Ich weiß, dass Indien bei vielen in der Formel 1 nicht gerade das beliebteste Ziel ist, aber ich denke, man muss das Land einfach auch ein bisschen besser kennen, öfters mal da gewesen sein, um sich mit einigen Dingen zu arrangieren... Das ist eben alles ganz gerne ein bisschen chaotisch, vom Verkehr angefangen, in dem man immer wieder stecken bleibt, sodass man ständig zu spät kommt - es ist nicht so durchgeplant und durchorganisiert wie bei uns. Die Deutschen sind ja nun mal eher die Meister im Organisieren, hier erlebt man auch schon mal das Gegenteil, aber wenn man das alles ein bisschen lockerer und gelassener sieht, dann kommt man auch damit klar.

Natürlich ist für uns Europäer die Armut, der man an vielen Stellen begegnet, erst einmal schockierend. So wie viele Menschen hier am Straßenrand leben, das ist für uns schon kaum noch Leben. Aber das zu sehen, rückt natürlich auch Perspektiven zurecht, es sorgt dafür, dass man sich doch wieder einmal bewusst wird, in welch privilegierten Verhältnissen wir doch leben. Ich kann jedem nur empfehlen, einmal hierher zu kommen...

Auf das Rennen an sich freue ich mich auch schon sehr, denn mir gefällt die Strecke wirklich gut, von den neuen Kursen ist sie sogar eine meiner Lieblingsstrecken. Sie hat ein paar sehr interessante Stellen, vor allem Turn 3, das ist eine ganz besondere Herausforderung, da geht es über eine Kuppe, man kann den Scheitelpunkt der Kurve nicht wirklich einsehen. Und im Mittelteil gibt es dann auch noch sehr interessante Kurvenkombinationen, alles ziemlich schnell, flotte Schikanen im vierten bis fünften Gang, das macht richtig Spaß.

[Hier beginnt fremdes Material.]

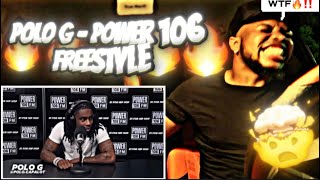 POLO G - POWER 106 FREESTYLE OVER (Ja rule’s  “New York” beat) ** REACTION ** 🔥🔥🔥🔥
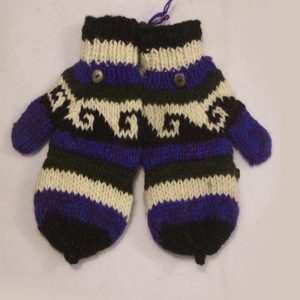 Handmade Knit Wool Gloves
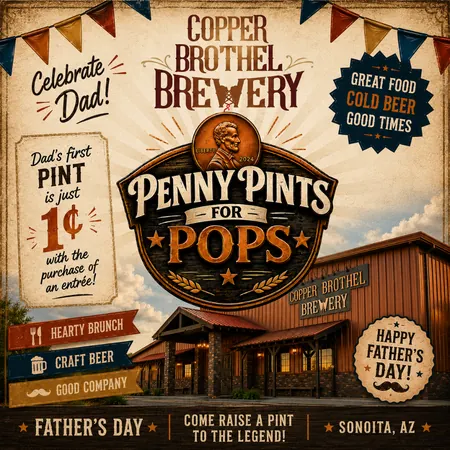 Fathers day celebration at Copper Brothel Brewery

Die Strecke in Indien gefällt Sutil sehr, Foto: Sutton
Die Strecke in Indien gefällt Sutil sehr, Foto: Sutton

Ich fände es deshalb schon sehr schade, wenn wir tatsächlich das letzte Mal in Indien fahren würden, wenn es nicht nur die Pause 2014, sondern tatsächlich keine Rückkehr mehr gäbe. Man muss halt mal abwarten, wie sich das entwickelt. Sicher ist die Formel 1 in Indien noch nicht extrem populär, hier ist nun mal Kricket der absolute Nationalsport. Da bräuchte man sicher Geduld und einen langen Atem, um da eine richtige Fankultur aufzubauen, auch wenn ich gemerkt habe, dass es im Laufe der letzten Jahre durchaus eine positive Entwicklung gegeben hat.

Aber von der Lebenswirklichkeit der meisten Inder ist die Formel 1 nun mal noch sehr, sehr weit entfernt, das Thema Auto und Spitzentechnologie ist da einfach noch keines. Da muss man sich nur mal auf den Straßen umschauen, was da so alles herumfährt, das ist wie bei uns vor ein paar Jahrzehnten. Man merkt das auch in der kleinen nationalen Motorsport-Szene, die es durchaus gibt, angefangen im Kart. Ich bin da bei einem Fan-Event mal in den hiesigen Karts gefahren, das ist wirklich nicht vergleichbar mit dem Standard in Europa heute, sondern vielleicht mit dem vor 50 Jahren. Trotzdem - alle haben ihren Spaß und in Zukunft wird sich da sicher viel bewegen. Aber es braucht eben seine Zeit!